Some of my benchmark results:

Can I run this same test/see how this was written?

This system has a fairly fast ACPI and i8254 timecounters.  1500-800
nsec is more typical for ACPI-fast, and 4000-5000 is more typical
for i8254.  ACPI-fast should be named ACPI-not-very-slow.  ACPI-safe
is very slow, perhaps slower than i8254.  i8254 could be made about
twice as fast if anyone cared.

Hrm.

% sysctl -a | grep -i acpi_timer
machdep.acpi_timer_freq: 3579545
dev.acpi_timer.0.%desc: 24-bit timer at 3.579545MHz
dev.acpi_timer.0.%driver: acpi_timer
dev.acpi_timer.0.%location: unknown
dev.acpi_timer.0.%pnpinfo: unknown
dev.acpi_timer.0.%parent: acpi0
% sysctl -a | grep -i tsc
kern.timecounter.choice: TSC(800) ACPI-safe(850) i8254(0) dummy(-1000000)
kern.timecounter.tc.TSC.mask: 4294967295
kern.timecounter.tc.TSC.counter: 2749242907
kern.timecounter.tc.TSC.frequency: 2222000000
kern.timecounter.tc.TSC.quality: 800
kern.timecounter.smp_tsc: 0
machdep.tsc_freq: 2222000000

Other implementation bugs (all in clock_getres()):
- all of the clock ids that use getnanotime() claim a resolution of 1
nsec, but that us bogus.

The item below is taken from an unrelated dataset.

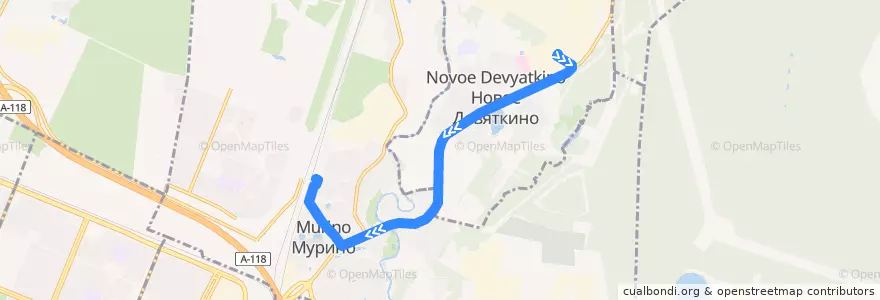 Mapa del recorrido Автобус № 562: завод "Турбоатомгаз" => станция метро "Девяткино" de la línea  en Всеволожский район.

The actual resolution is more like tc_tick/HZ.
 The extra resolution in a struct timespec is only used to return
 garbage related to the incoherency of the clocks.  (If it could be
 arranged that tc_windup() always ran on a tc_tick/HZ boundary, then
 the clocks would be coherent and the times would always be a multiple
 of tc_tick/HZ, with no garbage in low bits.)
- CLOCK_VIRTUAL and CLOCK_PROF claim a resolution of 1/hz, but that is
 bogus.  The actual resolution is more like 1/stathz, or perhaps 1
 microsecond.  hz is irrelevant here since statclock ticks are used.
 statclock ticks only have a resolution of 1/stathz, but if 1 nsec is
 correct for CLOCK_REALTIME_FAST, then 1 usec is correct here since
 caclru() calculates the time to a resolution of 1 usec; it is just
 very inaccurate at that resolution.
"Resolution" is a poor term for the functionality needed here. I think a hint about the accuracy is more important. In simple implementations using interrupts and ticks, the accuracy would be about the the same as
the resolution, but FreeBSD is more complicated.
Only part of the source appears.